As for bringing that into a computer, I'm having a hard time imagining a hardware setup where a software PLL won't give you millisecond-level accuracy (assuming you have an internal clock with at least that much precision). 1 second accuracy implies just using the timestamp from the last NEMA string with no further processing...

1 comments

Yes I am referring to NMEA string usage because that's as good as you'll get if the PPS output is not connected. You don't strictly need a hardware disciplined oscillator solution, which is why I mentioned connecting to an interrupt pin. This has worked pretty well for me when making raspberry pis into stratum 0 NTP servers.
> Yes I am referring to NMEA string usage because that's as good as you'll get if the PPS output is not connected.

1. That's only true with a super, super naive approach. You can easily estimate the average latency as part of your prototyping, and subtract that (while "live") from when you receive the full NEMA string. That will knock down the (in)accuracy by at least an order of magnitude, probably two, depending on latency variance. NEMA messages are (almost[1]) always sent synchronously with the PPS.

2. Again I'm having trouble imagining this naive hardware setup where you don't have a better timestamp than 1 second.

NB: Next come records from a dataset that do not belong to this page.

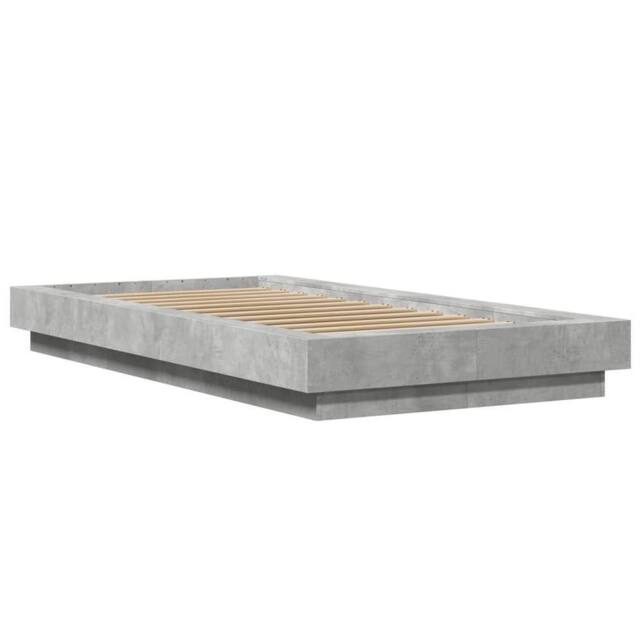 Berkfield Home Modern Bed Frame without Mattress Concrete Grey 90x190 cm Single - image 1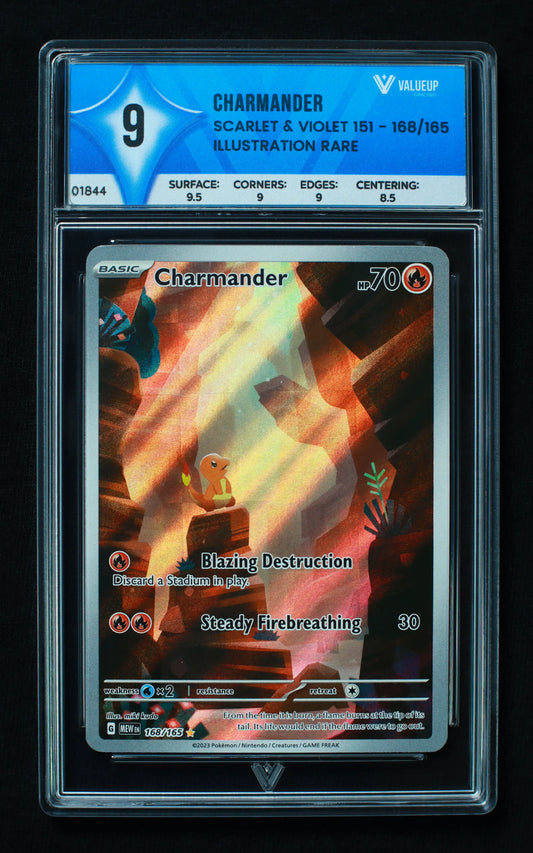 01844 CHARMANDER Grading Card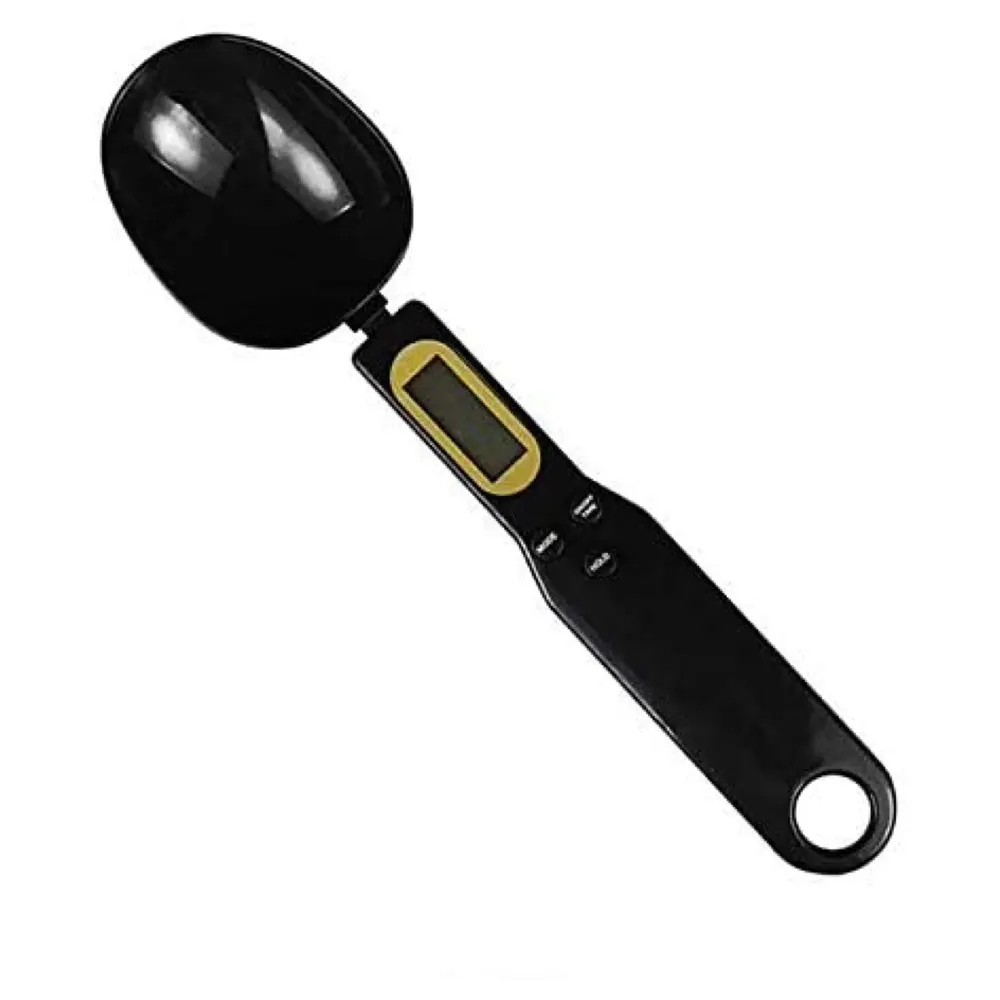 Digital Measuring Spoon Scale 500g/0.1g Gram Weighing Mini LCD Spoon Measure Digital Scale Pet food, Cooking black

NEMA usually comes over a UART, so just timestamping the first byte of the NEMA string will give you ~millisecond accuracy. Even a cheap USB 1.1 UART dongle that only polls at 125Hz should give you ~10 millisecond accuracy. As above, you can estimate average latency during development to improve accuracy during usage.

You'll need to do a little bit of software filtering to remove outliers, of course, but that requires no extra hardware.

The point is: The technical bar to getting 10ms accuracy with no special hardware and no PPS is basically zero.

[1] I'm hedging with almost, but I've never seen a counterexample.